Highlights

  • The authors propose Context Clusters (CoCs) which is a new paradigm for visual representations where images are seen as a set of unorganized points.
  • Even though they don’t achieve state-of-the-art performances, they are still on par with recent convolutional and transformer-based visual backbones.
  • CoCs have some good properties such as generalization to different data domains (point clouds, RGBD images, etc.) and good interpretability.
  • Code is available on this GitHub repo.

 

Context Clusters

To translate an image to a set of points, an input image \(\textbf{I} \in \mathbb{R}^{3 \times w \times h}\) is changed to an augmented collection of points (pixels) \(\textbf{P} \in \mathbb{R}^{5 \times n}\) with \(n = w \times h\) and where each pixel \(\textbf{I}_{i,j}\) has its RGB channel values enhanced with its 2D coordinates \([\frac{i}{w} - 0.5 ; \frac{j}{h} - 0.5]\) to give a vector of 5 numbers.

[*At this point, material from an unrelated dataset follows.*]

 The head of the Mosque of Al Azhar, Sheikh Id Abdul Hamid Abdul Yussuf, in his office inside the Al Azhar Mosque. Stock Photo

Then, the features are extracted from this set of points with a succession of Points Reducers and Context Clusters blocks (Figure 1). As one of the goals of the model is to be plugged as a backbone feature extractor into more complex architectures, it copies the global architecture and intermediate/final output sizes of standard CNN and transformer-based backbones such as ResNet and ViTs. In particular, at each stage, the number of points is set so that it can be turned back into a square 2D image.

Figure 1. High-level overview of Context Cluster architecture with four stages.

Point reduction.   The point reduction operation is done by placing evenly spaced anchors in the image. The feature of the resulting point is obtained after a linear projection of the concatenated features of the k nearest points (Figure 2). While k can be any number, if it is properly set (for instance 4, 9 or 16), this operation can be done with a standard convolution, which is what is done by the authors. This mechanism is the same as the initial patch embedding in ViTs.

Figure 2. Illustration of anchors for point reduction. The blue points are the anchors and the red square shows the points that are aggregated for the top-left anchor.

Context Cluster Operation

The main proposal of the authors is the context cluster block, which will be described in details in this section. In each block, three main operations are done : context clustering, feature aggregation and feature dispatching

Context clustering.   Given a set of \(n\) feature points of size \(d\), \(\textbf{P} \in \mathbb{R}^{n \times d}\), they are linearly projected into a smaller space \(\textbf{P}_S\) for computational purposes. Then, similarly to point reduction, \(c\) centers are evenly distributed in space and the center feature is computed as the average of the \(k\) nearest points of each center.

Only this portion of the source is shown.